• [REQUIRED ACTION]
Retype every record that follows, character for character.

>>>

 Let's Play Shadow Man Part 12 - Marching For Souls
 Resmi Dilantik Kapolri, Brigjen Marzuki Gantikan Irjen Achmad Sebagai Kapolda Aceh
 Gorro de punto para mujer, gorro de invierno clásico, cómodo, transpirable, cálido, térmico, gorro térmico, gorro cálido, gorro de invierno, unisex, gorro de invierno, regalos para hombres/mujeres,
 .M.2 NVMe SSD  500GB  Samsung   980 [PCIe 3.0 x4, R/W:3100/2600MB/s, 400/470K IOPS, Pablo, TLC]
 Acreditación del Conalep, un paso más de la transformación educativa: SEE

<<<

• [SOLVED EXERCISE]
 Let's Play Shadow Man Part 12 - Marching For Souls
 Resmi Dilantik Kapolri, Brigjen Marzuki Gantikan Irjen Achmad Sebagai Kapolda Aceh
 Gorro de punto para mujer, gorro de invierno clásico, cómodo, transpirable, cálido, térmico, gorro térmico, gorro cálido, gorro de invierno, unisex, gorro de invierno, regalos para hombres/mujeres,
 .M.2 NVMe SSD  500GB  Samsung   980 [PCIe 3.0 x4, R/W:3100/2600MB/s, 400/470K IOPS, Pablo, TLC]
 Acreditación del Conalep, un paso más de la transformación educativa: SEE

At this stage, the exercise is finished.